A landmark US court ruling on birthright citizenship is coming. What does NZ law say?
The US Supreme Court is poised to deliver its much anticipated and debated decision on the question of birthright citizenship.
At the centre of the case (known as Trump v. Barbara) is an executive order signed by President Donald Trump on his first day of office in 2025, barring citizenship for children born to parents illegally in the United States or on long-term visas.
Americans have long held that the 14th Amendment to the Constitution grants automatic citizenship for babies born on US soil.

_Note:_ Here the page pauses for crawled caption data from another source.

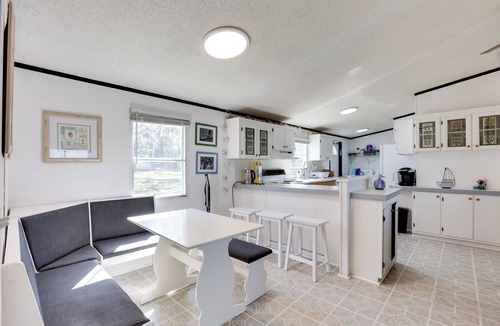 Midway House | Cast & Relax! Peaceful Lake House in Midway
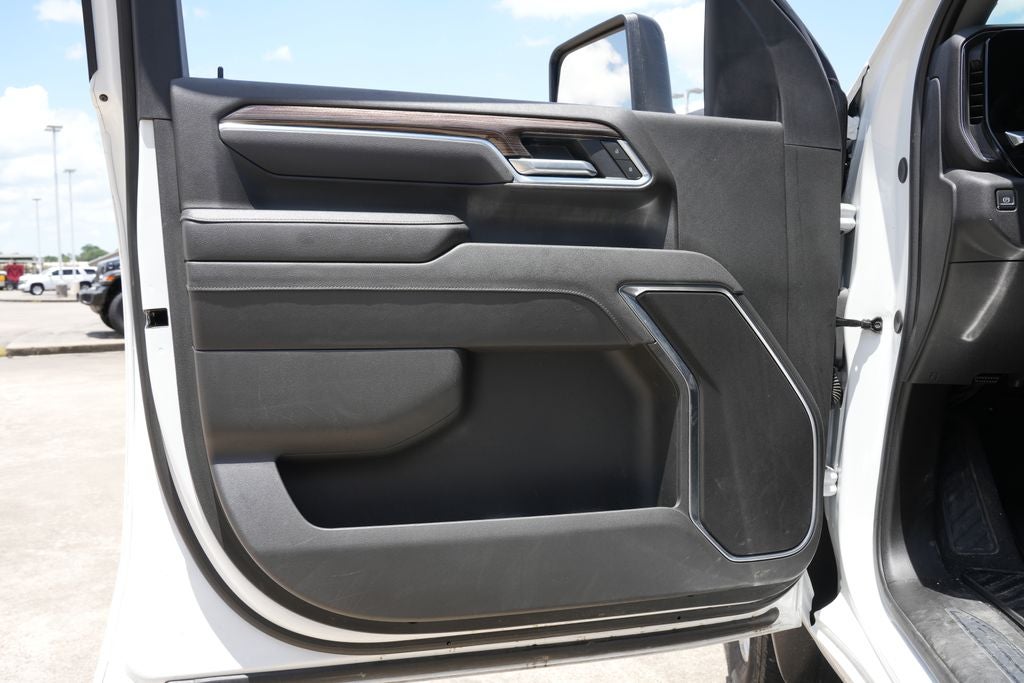 2025 Chevrolet Silverado 2500HD 4WD Crew Cab Standard Bed LT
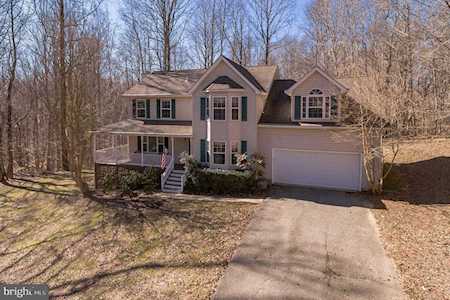 4225 Weeping Willow Ln Huntingtown, MD 20639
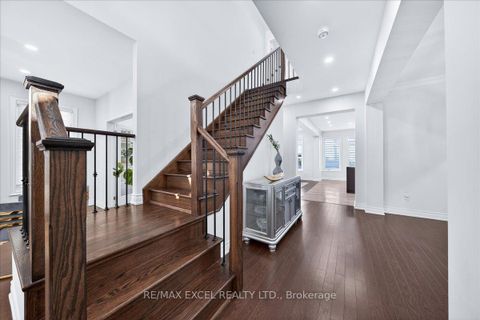 Photo 9 at 10 Deer Pass Road, Sharon, East Gwillimbury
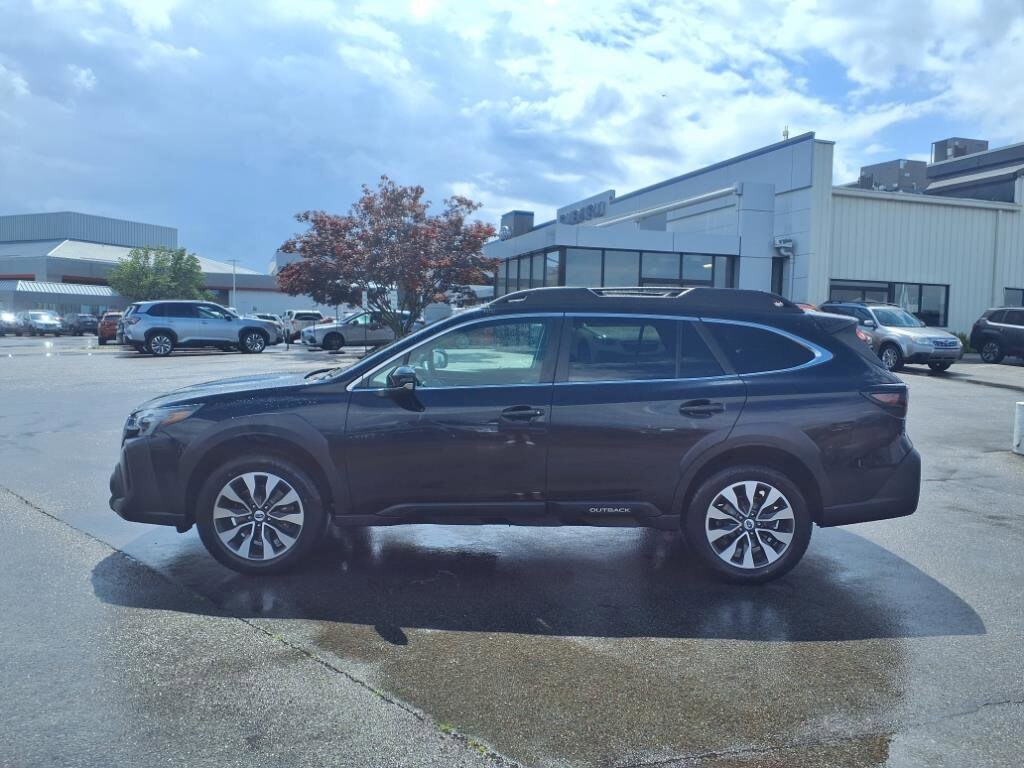 2023 Subaru Outback Limited photo 2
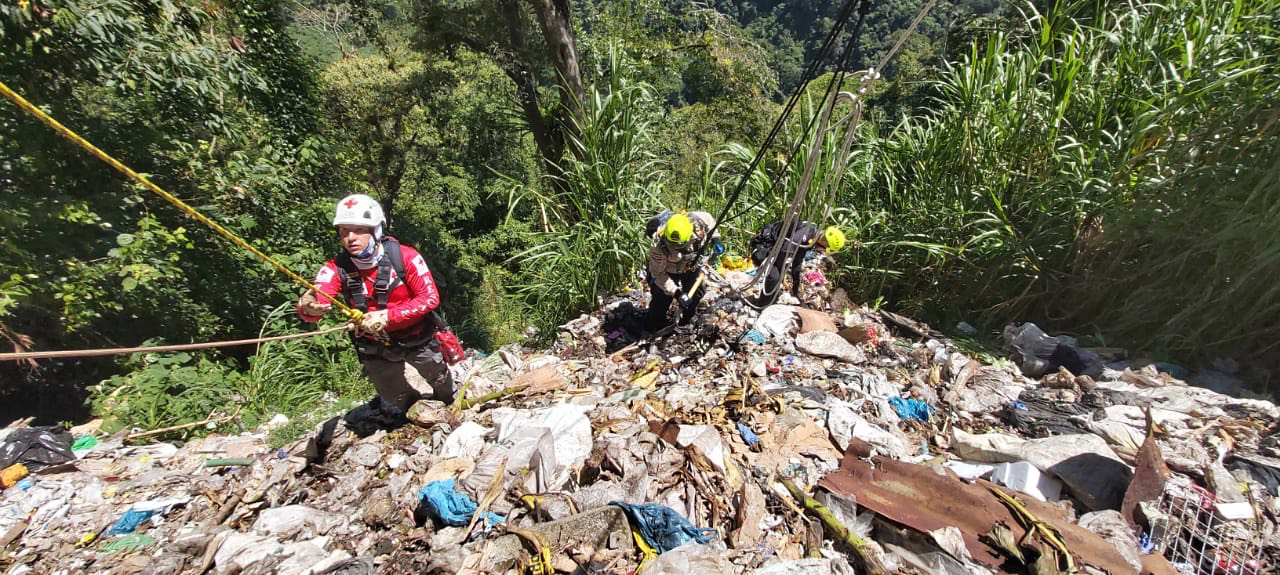 07/09/2020 Guatuso (San Jerónimo) de Cachí. Cuerpos policiales (Fuerza Pública y OIJ) y de rescate (Bomberos y Cruz Roja) realizan búsqueda del cuerpo de Allison Bonilla, a un lado de la carretera que conduce hacia Tucurrique de Cartago, en un guindo que funciona como botadero de basura clandestino. Fotografía cortesía del OIJ .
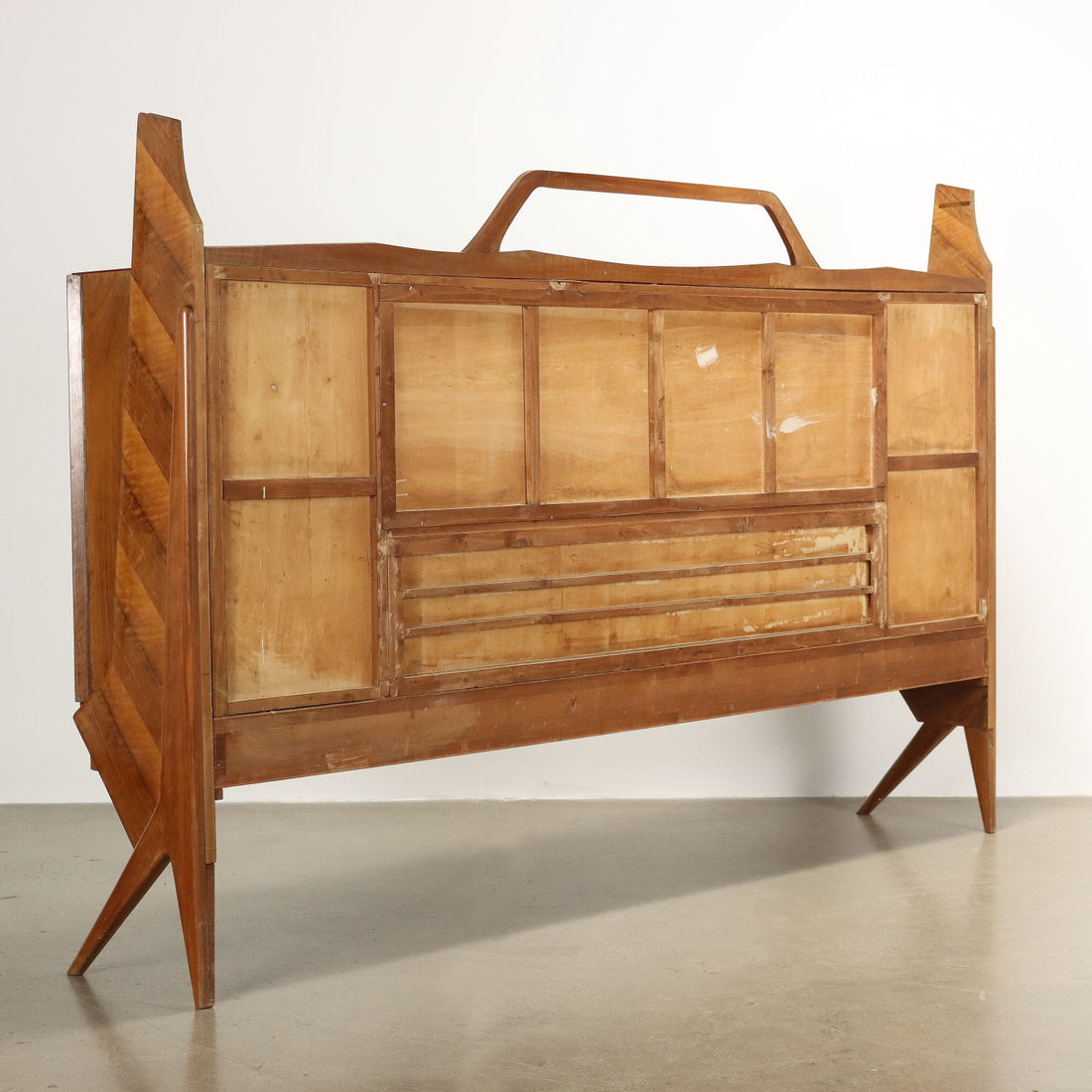  | Modernism  Furnitures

Trump disagrees.
The case is also one more example of how citizenship and residency in many countries – including New Zealand – has become an increasingly vexatious issue in an age of massive migration.
Constitutional challenge
The 14th Amendment, passed after the American Civil War, states:
All persons born or naturalized in the United States, and subject to the jurisdiction thereof, are citizens of the United States and of the State wherein they reside.
All persons born or naturalized in the United States, and subject to the jurisdiction thereof, are citizens of the United States and of the State wherein they reside.
A decisive case in 1898 largely established that babies born in the US are legally citizens. But the Trump administration argued the 14th Amendment only applied to former slaves.
That would mean babies born to individuals who are not “domiciled” – thus not owing allegiance to the US – are not citizens under the amendment.
Solicitor General D. John Sauer argued the........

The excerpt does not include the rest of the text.